* PROBLEM TO SOLVE:
Go through the listing below and return each line that includes "with".

* DATA RECORDS:
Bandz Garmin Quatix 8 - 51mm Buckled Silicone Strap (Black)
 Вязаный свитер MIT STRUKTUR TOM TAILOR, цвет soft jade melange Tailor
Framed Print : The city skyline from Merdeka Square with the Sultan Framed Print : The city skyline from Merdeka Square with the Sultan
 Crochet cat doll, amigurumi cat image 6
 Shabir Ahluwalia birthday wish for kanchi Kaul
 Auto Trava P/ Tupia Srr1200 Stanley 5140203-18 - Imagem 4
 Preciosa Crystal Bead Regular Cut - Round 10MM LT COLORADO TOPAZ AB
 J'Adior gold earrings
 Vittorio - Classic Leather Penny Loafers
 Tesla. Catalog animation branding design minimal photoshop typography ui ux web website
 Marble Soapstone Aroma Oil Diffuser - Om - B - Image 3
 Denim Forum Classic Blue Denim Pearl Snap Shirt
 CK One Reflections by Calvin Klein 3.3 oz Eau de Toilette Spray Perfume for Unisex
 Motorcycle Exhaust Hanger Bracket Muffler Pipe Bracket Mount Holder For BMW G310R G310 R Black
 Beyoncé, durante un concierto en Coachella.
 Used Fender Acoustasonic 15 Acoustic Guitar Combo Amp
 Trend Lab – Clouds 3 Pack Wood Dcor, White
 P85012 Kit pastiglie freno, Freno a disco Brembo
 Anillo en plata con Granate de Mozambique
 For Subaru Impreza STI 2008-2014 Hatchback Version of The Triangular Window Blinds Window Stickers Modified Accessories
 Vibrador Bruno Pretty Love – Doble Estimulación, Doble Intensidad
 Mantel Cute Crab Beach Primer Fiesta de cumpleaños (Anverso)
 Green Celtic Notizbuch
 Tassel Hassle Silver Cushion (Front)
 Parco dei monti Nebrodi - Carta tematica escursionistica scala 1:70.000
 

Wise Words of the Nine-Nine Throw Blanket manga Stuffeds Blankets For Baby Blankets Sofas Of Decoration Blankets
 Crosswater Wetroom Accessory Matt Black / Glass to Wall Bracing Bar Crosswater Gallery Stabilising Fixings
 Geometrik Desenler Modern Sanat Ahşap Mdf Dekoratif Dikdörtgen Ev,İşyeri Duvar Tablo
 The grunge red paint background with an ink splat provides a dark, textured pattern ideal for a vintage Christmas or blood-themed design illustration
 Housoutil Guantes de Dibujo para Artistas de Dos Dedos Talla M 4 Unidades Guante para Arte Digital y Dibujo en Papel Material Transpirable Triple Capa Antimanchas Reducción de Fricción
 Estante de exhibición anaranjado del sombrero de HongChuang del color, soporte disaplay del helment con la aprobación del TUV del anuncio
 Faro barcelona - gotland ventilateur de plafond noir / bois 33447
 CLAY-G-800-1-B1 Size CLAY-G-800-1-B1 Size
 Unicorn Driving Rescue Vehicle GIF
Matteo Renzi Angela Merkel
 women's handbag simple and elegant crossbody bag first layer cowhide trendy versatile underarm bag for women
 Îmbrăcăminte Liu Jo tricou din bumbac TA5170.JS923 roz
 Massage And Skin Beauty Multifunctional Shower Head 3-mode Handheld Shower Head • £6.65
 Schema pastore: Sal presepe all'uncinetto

* EXPECTED OUTPUT:
Framed Print : The city skyline from Merdeka Square with the Sultan Framed Print : The city skyline from Merdeka Square with the Sultan
 The grunge red paint background with an ink splat provides a dark, textured pattern ideal for a vintage Christmas or blood-themed design illustration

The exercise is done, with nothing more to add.